= Taiga Rescue Network =

Taiga Rescue Network (TRN) was an international network of more than 200 non-governmental organizations, indigenous peoples and individuals working to defend the world's boreal forests, also known as Taiga. TRN was established in 1992 to give a voice to support, link and publicize local struggles fighting for the boreal forests and its peoples. TRN no longer exists. In 2010, TRN held its last conference in Sweden. The website remained online until April 2013.

== Mission and Goals ==

TRN's mission was support local struggle and strengthen the cooperation between individuals, NGOs and indigenous peoples and nations concerned with the protection, restoration and sustainable use of the world's boreal forests by means that ensure the integrity of natural processes and dynamics.

The goals of the network were 1) Promoting socially beneficial, economically viable and ecologically sound management of the boreal forests; 2) Ensuring Indigenous Peoples rights are respected and local control of resources is guaranteed; 3) Protecting old-growth Northern forests; and 4) Halting destructive extraction and wasteful consumption of products from boreal forests.

== Methods ==

=== Education and advocacy ===

The network worked to disseminate information among governments, industry, and the general public about boreal forest issues by publishing Taiga News, a quarterly publication covering social and environmental issues relating to the entire boreal region; producing fact sheets on sensitive areas under particular threat; compiling profiles of key industry players; publishing reports and studies that critically analyze the trends and challenges facing the boreal region; participating in an ongoing dialogue with public administrations and the private sector on local, national and international levels to strengthen environmental regulations related to forest protection and sustainable forest management in the boreal region; organizing a biennial international conference bringing together various stakeholders (scientists, environmental organizations, indigenous peoples support groups, industry, media).

===Campaign coordination===

TRN promoted cooperation through joint projects among NGOs and indigenous peoples by uniting and informing the NGO and indigenous communities through meetings, conferences and seminars; publishing a monthly internal newsletter The Boreal Bulletin with concise and up to date strategic information; managing several topical email lists to improve project coordination and information exchange; supporting environmentalists and indigenous peoples in the boreal region with small grants.
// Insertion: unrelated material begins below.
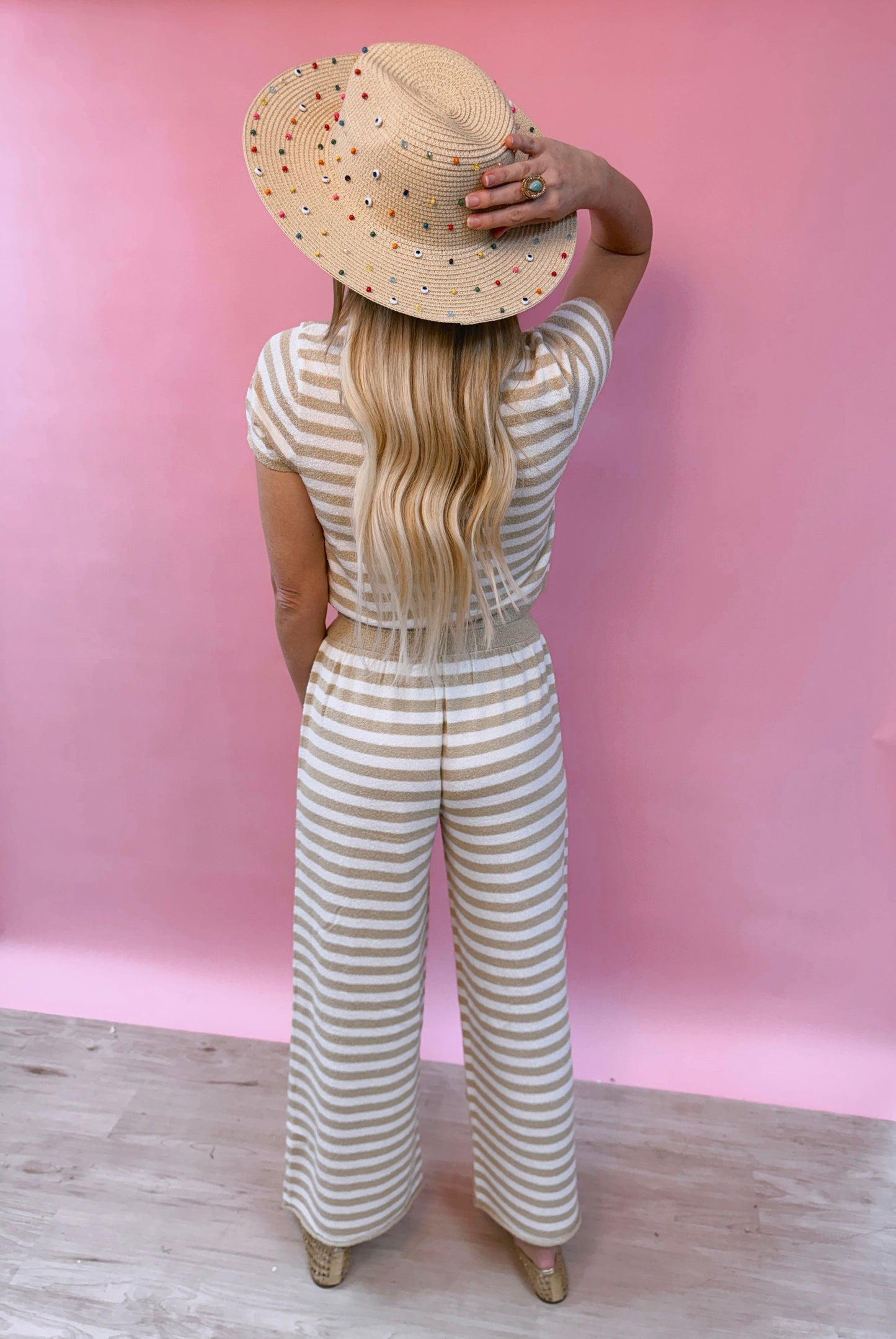 Striped Knit Lounge Set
===Research and policy analysis===

The network coordinated NGO input into various national and international processes and facilitate joint position papers outlining the NGO vision for sustainable forestry in the boreal region; monitored the various national and international certification and ecolabelling processes and supported independent, performance based certification, such as the approach promoted by the Forest Stewardship Council (FSC); identified forests with high conservation value and work towards their conservation through the establishment of protected areas; and lead the way in mapping trade links of boreal products.